• Instructions to follow: Find the lines below that contain the string "with". Copy each one.

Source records
*** Begin section ***

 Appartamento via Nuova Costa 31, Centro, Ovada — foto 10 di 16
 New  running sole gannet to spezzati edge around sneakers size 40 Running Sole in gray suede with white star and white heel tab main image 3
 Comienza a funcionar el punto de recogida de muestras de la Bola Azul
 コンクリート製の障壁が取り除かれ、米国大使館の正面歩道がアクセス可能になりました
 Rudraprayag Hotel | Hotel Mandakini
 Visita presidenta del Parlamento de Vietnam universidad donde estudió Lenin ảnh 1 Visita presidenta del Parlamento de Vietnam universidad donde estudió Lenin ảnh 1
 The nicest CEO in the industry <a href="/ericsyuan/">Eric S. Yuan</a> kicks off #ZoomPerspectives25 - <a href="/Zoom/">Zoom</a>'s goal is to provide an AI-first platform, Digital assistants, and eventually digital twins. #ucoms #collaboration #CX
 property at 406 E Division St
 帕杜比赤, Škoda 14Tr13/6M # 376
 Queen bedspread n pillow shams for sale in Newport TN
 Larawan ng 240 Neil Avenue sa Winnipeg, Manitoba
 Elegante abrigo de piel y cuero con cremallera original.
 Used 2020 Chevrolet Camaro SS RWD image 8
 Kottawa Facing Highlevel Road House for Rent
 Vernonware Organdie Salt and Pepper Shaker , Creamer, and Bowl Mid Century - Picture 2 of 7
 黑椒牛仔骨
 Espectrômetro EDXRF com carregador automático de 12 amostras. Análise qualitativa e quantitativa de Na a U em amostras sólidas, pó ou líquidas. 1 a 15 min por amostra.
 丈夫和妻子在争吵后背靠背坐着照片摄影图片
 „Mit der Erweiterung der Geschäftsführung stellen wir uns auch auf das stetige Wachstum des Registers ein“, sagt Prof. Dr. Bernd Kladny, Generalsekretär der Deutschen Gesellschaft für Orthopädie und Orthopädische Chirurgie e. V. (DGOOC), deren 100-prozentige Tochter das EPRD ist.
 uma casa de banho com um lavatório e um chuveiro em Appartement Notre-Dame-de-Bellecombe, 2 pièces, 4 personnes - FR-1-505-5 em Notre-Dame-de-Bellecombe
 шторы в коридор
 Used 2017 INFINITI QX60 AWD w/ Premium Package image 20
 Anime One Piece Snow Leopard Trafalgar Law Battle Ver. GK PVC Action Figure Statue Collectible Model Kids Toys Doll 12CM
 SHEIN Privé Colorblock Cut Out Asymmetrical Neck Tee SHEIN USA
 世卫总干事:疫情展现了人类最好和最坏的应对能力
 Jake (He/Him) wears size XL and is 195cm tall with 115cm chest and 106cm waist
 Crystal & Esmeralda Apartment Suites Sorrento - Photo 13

*** End section ***

• Answer for this exercise:
 New  running sole gannet to spezzati edge around sneakers size 40 Running Sole in gray suede with white star and white heel tab main image 3
 Jake (He/Him) wears size XL and is 195cm tall with 115cm chest and 106cm waist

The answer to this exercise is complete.